• [Given data]
····················

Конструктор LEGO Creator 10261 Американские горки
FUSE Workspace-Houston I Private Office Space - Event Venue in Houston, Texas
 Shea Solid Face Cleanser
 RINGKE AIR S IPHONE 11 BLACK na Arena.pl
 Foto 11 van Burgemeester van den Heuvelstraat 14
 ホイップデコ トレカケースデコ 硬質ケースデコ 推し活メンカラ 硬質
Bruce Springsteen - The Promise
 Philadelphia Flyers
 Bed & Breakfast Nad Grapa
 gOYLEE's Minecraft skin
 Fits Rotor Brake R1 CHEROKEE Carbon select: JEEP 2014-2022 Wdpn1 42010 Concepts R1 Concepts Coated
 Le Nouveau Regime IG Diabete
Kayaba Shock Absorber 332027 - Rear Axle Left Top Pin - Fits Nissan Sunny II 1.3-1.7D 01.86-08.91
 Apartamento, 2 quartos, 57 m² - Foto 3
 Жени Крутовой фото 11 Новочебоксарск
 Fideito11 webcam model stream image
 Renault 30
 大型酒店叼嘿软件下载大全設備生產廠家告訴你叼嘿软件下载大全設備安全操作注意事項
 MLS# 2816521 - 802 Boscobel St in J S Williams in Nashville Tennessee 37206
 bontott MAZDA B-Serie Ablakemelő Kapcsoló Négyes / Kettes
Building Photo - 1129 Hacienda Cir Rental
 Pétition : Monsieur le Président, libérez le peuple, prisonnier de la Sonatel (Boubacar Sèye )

····················

• [Task requirements] Please copy the data in full, character for character.

• [Task answer]
Конструктор LEGO Creator 10261 Американские горки
FUSE Workspace-Houston I Private Office Space - Event Venue in Houston, Texas
 Shea Solid Face Cleanser
 RINGKE AIR S IPHONE 11 BLACK na Arena.pl
 Foto 11 van Burgemeester van den Heuvelstraat 14
 ホイップデコ トレカケースデコ 硬質ケースデコ 推し活メンカラ 硬質
Bruce Springsteen - The Promise
 Philadelphia Flyers
 Bed & Breakfast Nad Grapa
 gOYLEE's Minecraft skin
 Fits Rotor Brake R1 CHEROKEE Carbon select: JEEP 2014-2022 Wdpn1 42010 Concepts R1 Concepts Coated
 Le Nouveau Regime IG Diabete
Kayaba Shock Absorber 332027 - Rear Axle Left Top Pin - Fits Nissan Sunny II 1.3-1.7D 01.86-08.91
 Apartamento, 2 quartos, 57 m² - Foto 3
 Жени Крутовой фото 11 Новочебоксарск
 Fideito11 webcam model stream image
 Renault 30
 大型酒店叼嘿软件下载大全設備生產廠家告訴你叼嘿软件下载大全設備安全操作注意事項
 MLS# 2816521 - 802 Boscobel St in J S Williams in Nashville Tennessee 37206
 bontott MAZDA B-Serie Ablakemelő Kapcsoló Négyes / Kettes
Building Photo - 1129 Hacienda Cir Rental
 Pétition : Monsieur le Président, libérez le peuple, prisonnier de la Sonatel (Boubacar Sèye )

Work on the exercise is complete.